El sensor de una cámara es una rejilla bidimensional de celdas sensibles a la luz, una por píxel. Cada celda es un pequeño circuito eléctrico construido en torno a un fotodiodo que convierte la luz en un voltaje, el cual al final de cada fotograma se digitaliza en un único valor numérico de píxel.

4.5.1. El circuito

El elemento activo de cada celda es un fotodiodo: una pequeña unión p-n sensible a la luz en silicio. Bajo polarización inversa, el fotodiodo almacena un pequeño reservorio de carga que los fotones entrantes pueden liberar, un poco a la vez.

Un esquema de una celda de píxel CMOS. Un interruptor de reinicio etiquetado RST conecta el carril de alimentación (VDD) en la parte superior de la figura a un nodo etiquetado A. Un fotodiodo conecta el nodo A hacia abajo a tierra, con flechas que representan la luz entrante apuntando al fotodiodo. Un interruptor de transferencia etiquetado TX conecta el nodo A horizontalmente a un segundo nodo etiquetado B. Un condensador de almacenamiento etiquetado C conecta el nodo B hacia abajo a tierra. Un cable desde el nodo B sale hacia la derecha, etiquetado como "a la lectura".

El circuito del píxel: un fotodiodo con un interruptor de reinicio que lo precarga, un interruptor de transferencia que entrega el voltaje expuesto a un pequeño condensador de retención y una salida hacia el amplificador de lectura.

4.5.2. El ciclo de exposición

Cada celda sigue el mismo ciclo de cuatro pasos en cada fotograma.

Precarga. El ciclo comienza con un breve pulso de reinicio que cierra el interruptor de reinicio RST, conectando el fotodiodo al carril de alimentación y elevando su voltaje almacenado hasta una referencia conocida. El interruptor se abre entonces, dejando el fotodiodo aislado en el voltaje de reinicio con su reservorio de carga lleno.

Exposición. Durante la ventana de exposición se deja que el fotodiodo recoja luz. Cada fotón absorbido le cuesta al fotodiodo una pequeña cantidad de su carga almacenada. La luz hace que la carga almacenada desaparezca: cuanto más brillante es la escena, más rápido se descarga el fotodiodo y más bajo es su voltaje al final de la ventana. La caída total es la señal del píxel.

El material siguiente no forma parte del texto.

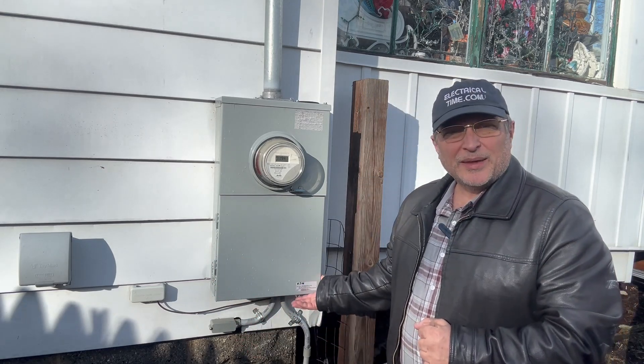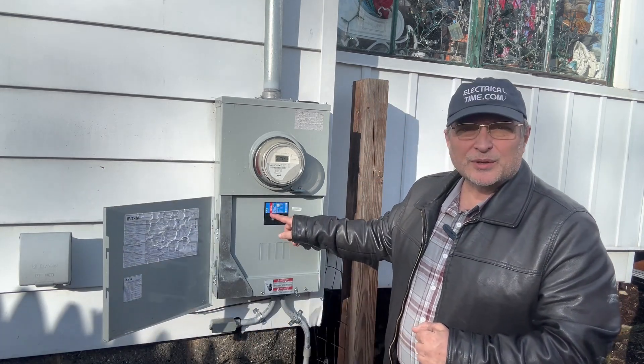Now, let's say the firefighters are going to a one-family dwelling and they have to cut the power off. Look how easy it is — they find this little tab down here, press it, open up the door, and then just turn off that main breaker. Pretty quick, pretty easy.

Muestreo. La ventana de exposición termina con un breve pulso en el interruptor de transferencia TX. Mientras TX está cerrado, la carga restante del fotodiodo se vuelca sobre el pequeño condensador de retención C conectado al nodo B. El voltaje en C registra ahora la medición del píxel. TX se abre de nuevo, fijando el valor en C y liberando el fotodiodo para que se reinicie de cara al siguiente fotograma mientras C espera su turno en el amplificador de lectura.

Lectura. El amplificador de lectura entrega el voltaje en C a un ADC, que lo convierte en un conteo entero: típicamente de 10 a 12 bits de precisión bruta por píxel (a veces 14 en sensores de gama más alta). Ese conteo es el valor bruto del píxel. Todo lo demás que el pipeline hace con la imagen (correcciones, debayering, gradación de color, conversión de formato) parte de este número, uno por celda.

4.5.3. Saturación

El fotodiodo tiene una cantidad máxima de carga que puede ceder antes de que su reservorio quede totalmente agotado. Pasado ese punto, el píxel queda saturado: la luz adicional no tiene efecto sobre el voltaje registrado, y la celda lee su valor máximo por más brillante que se vuelva la escena.

La cantidad máxima que el fotodiodo puede perder antes de saturarse es su capacidad de pozo lleno. Los píxeles físicos más grandes retienen más carga almacenada y por tanto tienen una mayor capacidad de pozo lleno, razón por la cual los sensores con píxeles más pequeños y numerosos generalmente tienen un menor rango dinámico que sus equivalentes de menor resolución.